Even when in Munch’s ‘The Death of Marat’ he overtly depicts the female nude, centralizing the viewer’s focus on her body, he resists sexualizing her through the way the figure stares back unflinchingly, defiantly back at the observer. It almost seems as though Munch has anticipated the potential in the nudity and femininity to be sexualized and preempts this by giving the woman a powerful presence of confidence, self assuredly staring back at the viewer, as if daring them to not meet her gaze. Furthermore, the figure’s long red hair, pale skin, and the way she seems to be rising and abstracting out of the swirling floor invokes depictions of the Goddess Venus in classical sculpture or in particular, Botticelli’s ‘The Birth of Venus’. The reference to this work, invoking the status of both the artist and the character of the goddess, has a deifying effect on the woman, giving her a quality of radiance and power.

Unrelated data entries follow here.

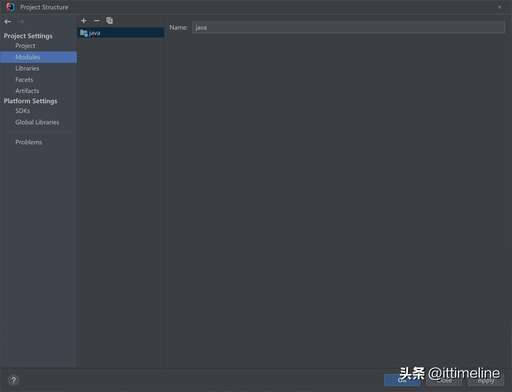 創建一個java項目,eclipse中新建一個java項目沒有src文件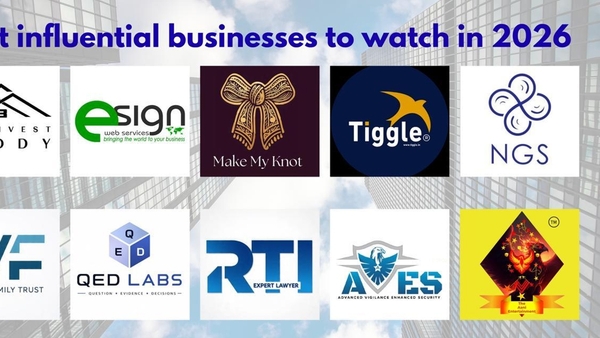 Influential Businesses: Redefining Your World by 2026
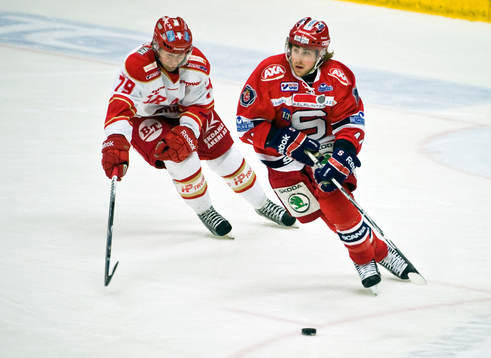 Andrej Hebar, Troja-Ljungby och Kurt Davis, Södertälje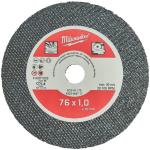 Skæreskive metal til multiskæreværktøj scs41/76 76mm pk a 5stk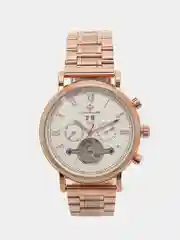 Белый часы механические Patek Philippe, мужские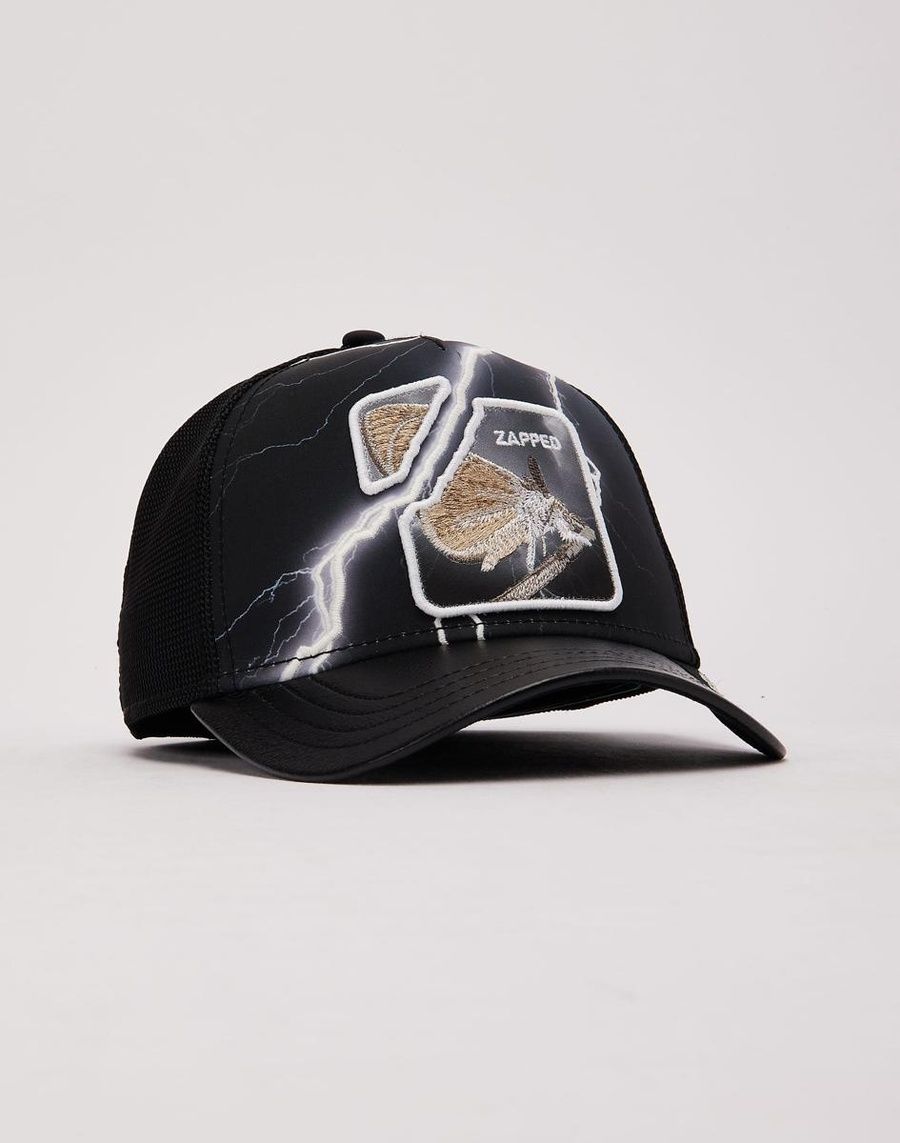 Кепка Goorin Bros Animal Farm ZAPPED Limited Collection One size (101-3094) 8739412 фото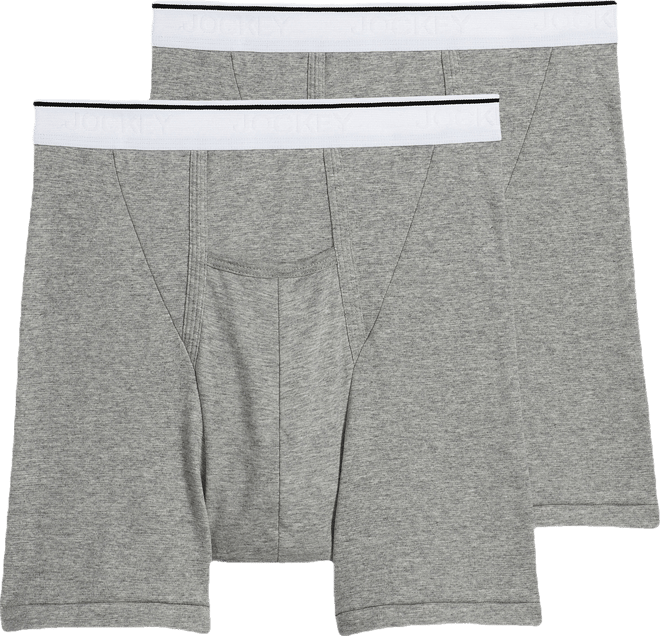 Men's 2-Pack Pouch Boxer Briefs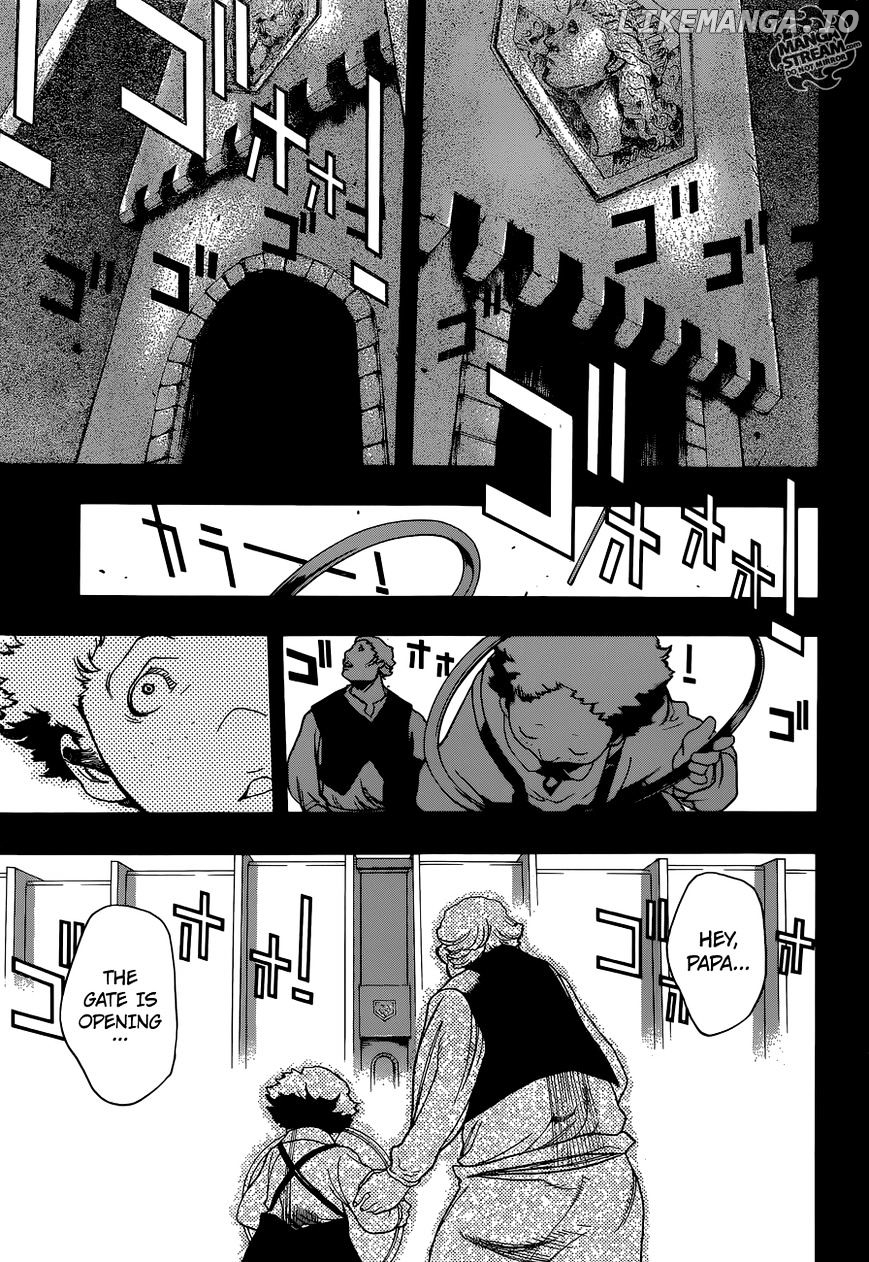 Shingeki no Kyojin - Before the Fall chapter 1 - page 20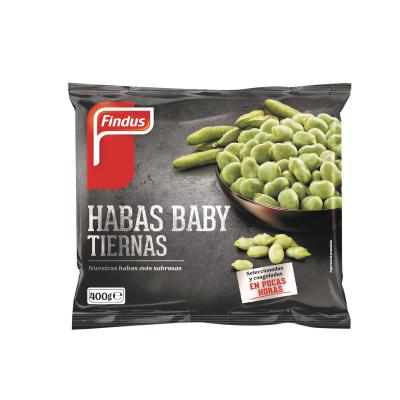 Haba Findus Baby 400g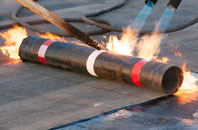 Stoke Common flat roof sealing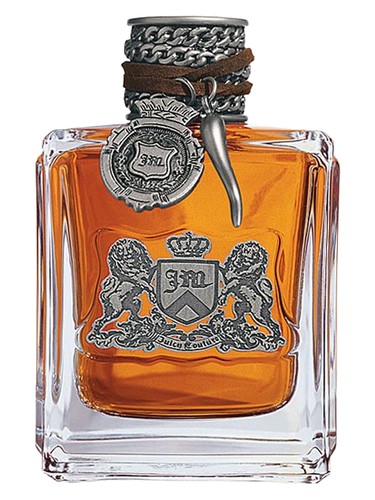 Frasco de Dirty English for Men — Juicy Couture
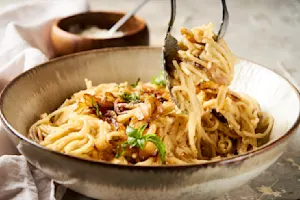 Brown Butter Pasta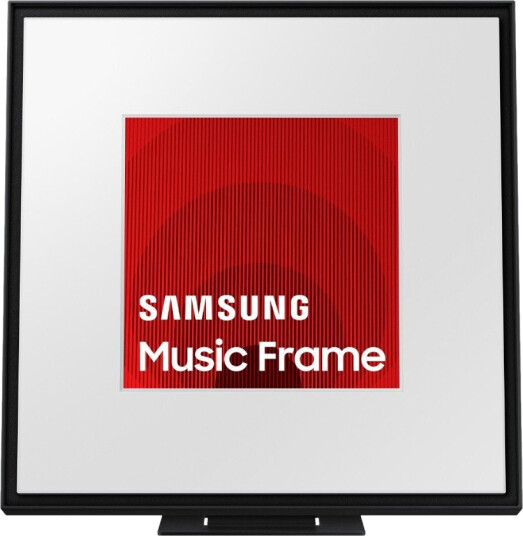 Samsung HW-LS60D Trådløs Music Frame Høyttaler Svart med Alexa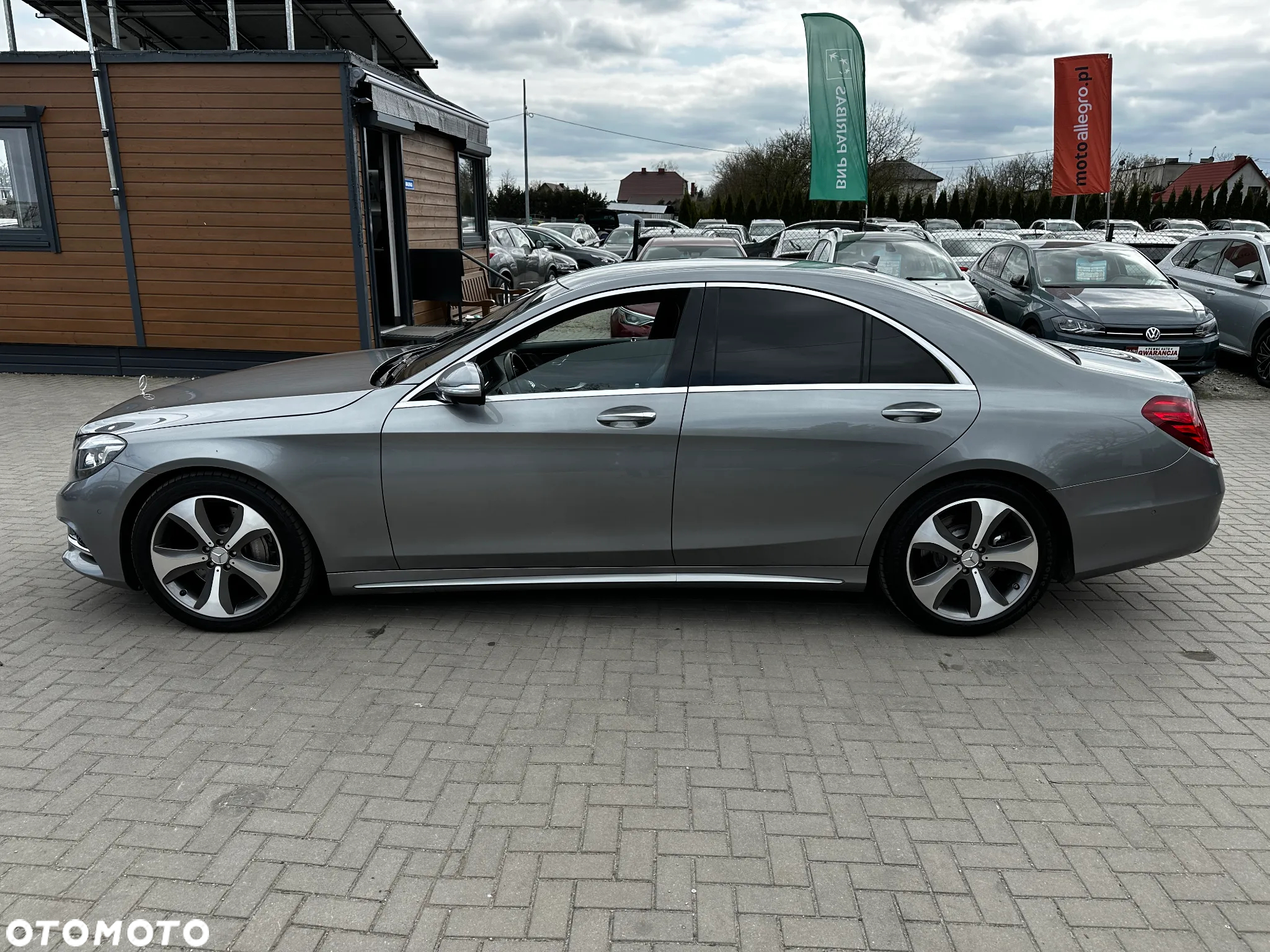 Mercedes-Benz Klasa S - 5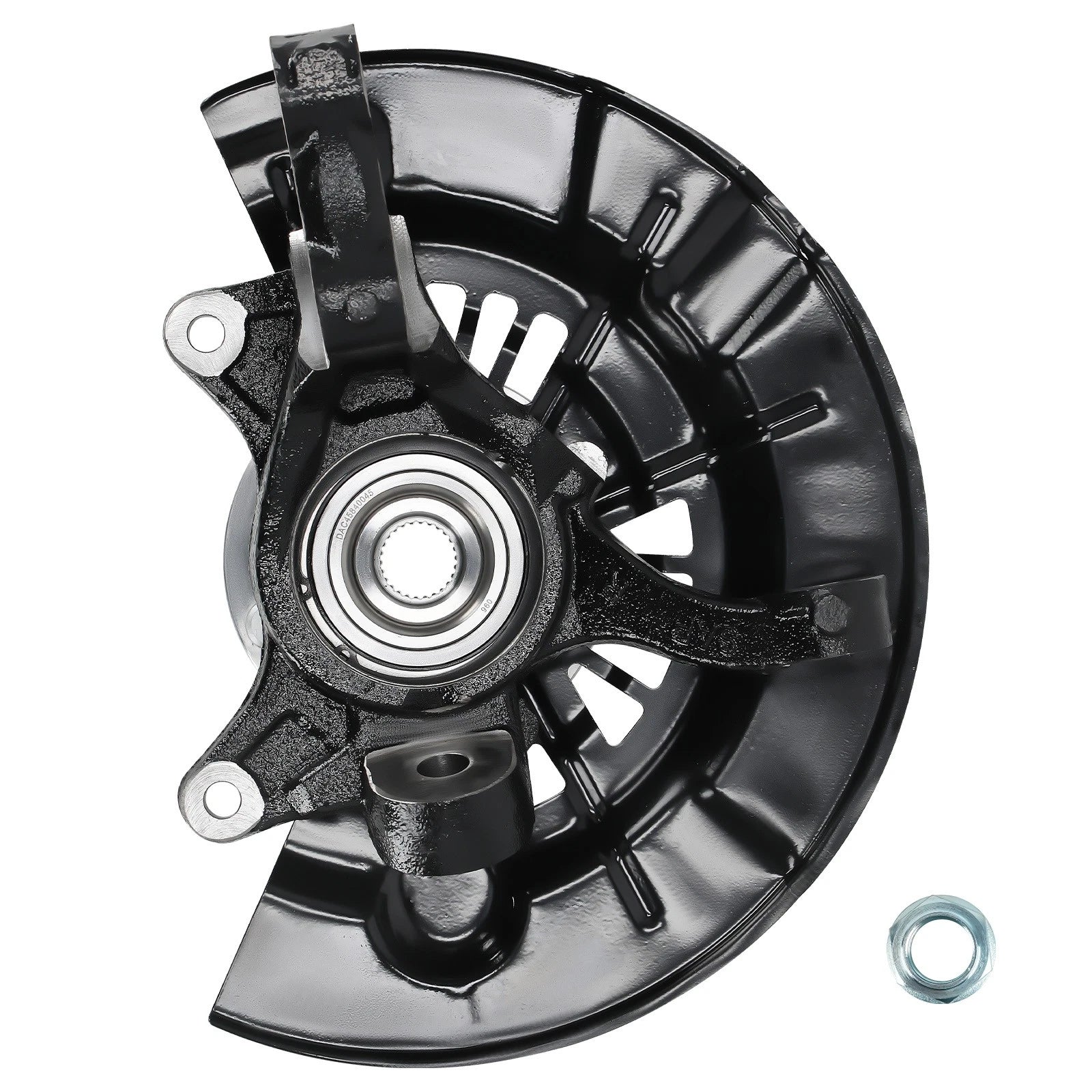 Front Right Steering Knuckle & Wheel Hub Bearing for Toyota Camry (2010–2011)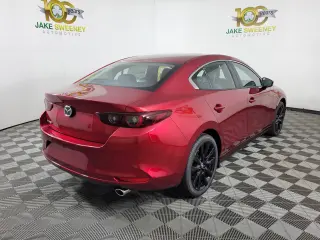 2026 Mazda Mazda3 Sedan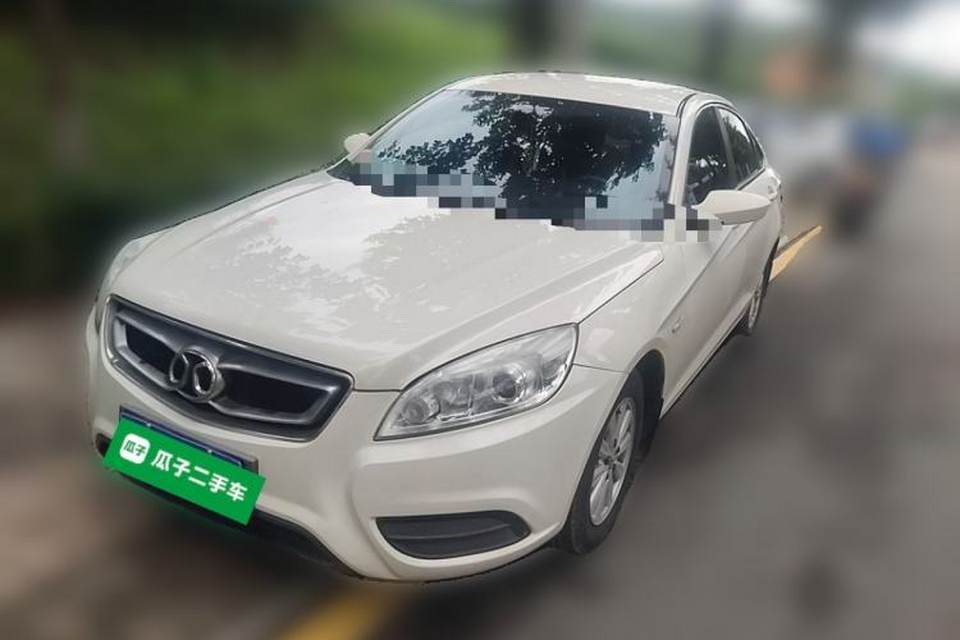 BAIC Senova D50 2014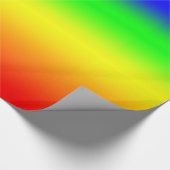 Regenboog Cadeaupapier (Hoek)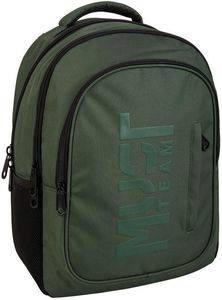 ΤΣΑΝΤΑ ΠΛΑΤΗΣ MUST TEAM ETERNAL 4 ΘΗΚΕΣ ΠΡΑΣΙΝΗ ΤΣΑΝΤΑ ΠΛΑΤΗΣ MUST TEAM ETERNAL 4 ΘΗΚΕΣ ΠΡΑΣΙΝΗ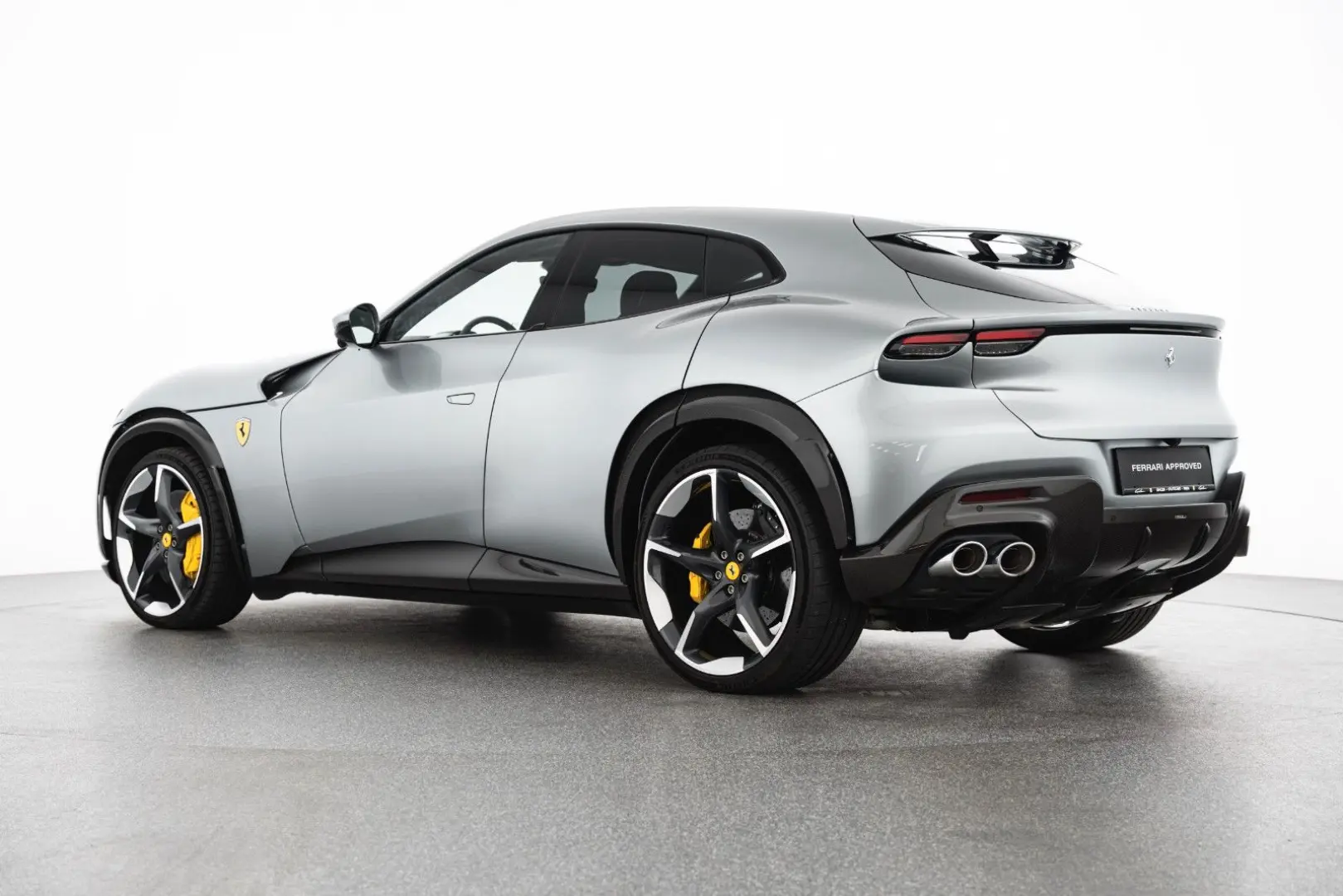 Purosangue V12 DCT 4WD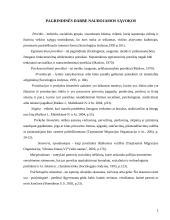 Nepilnamečių, tapusių komercinio seksualinio išnaudojimo aukomis, psichosocialinių poreikių analizė 2 puslapis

In a somewhat different way to Munch, Emin’s work violently resists being sexualized under the male gaze through the abstraction of the female from, the incompleteness of the figures, and the conflicting senses of violence against the archetypical softness of female sexuality. She invokes these devices and motifs throughout her work and here, its clear that in the nascence of this collection was Munch’s sympathy for, and unexploitative interest in, the meeting of female mental illness and sexuality. It’s understandable why Munch was so formative in Emin’s artistic growth as his frank, and understanding approach to women in painting cultivated an environment in which Emin could push what Munch began into what has now become her signature furious, explosive, fitful, but also highly sensual, vulnerable, and intimate depiction of the relationship between sexuality and mental illness in women.
When confined in a room together Munch’s work becomes a premonition of Emin’s, and her adoration of him and his art is evident throughout her own disquieting female bodies existing in a disturbing intersection eroticism and indulgence, and vulnerability and illness. The medium of watercolour they both often use imbues the natural forms they paint with vitality; innate to the medium is a beautiful sense of fluidity and volatility which emulates the nature of their focal motifs- flesh, femininity, weeping and bleeding.
While walking through the exhibition the popular Cesar A. Cruz saying ‘Art should comfort the disturbed and disturb the comfortable’ kept coming to mind. ‘The loneliness of the soul’ is a masterful expression of this; Emin joins her muse Munch in becoming an artist who creates open environments that bring a shocking but sympathetic exploration of mental illness into the centre of the public discourse, at a time when it’s indisputably needed.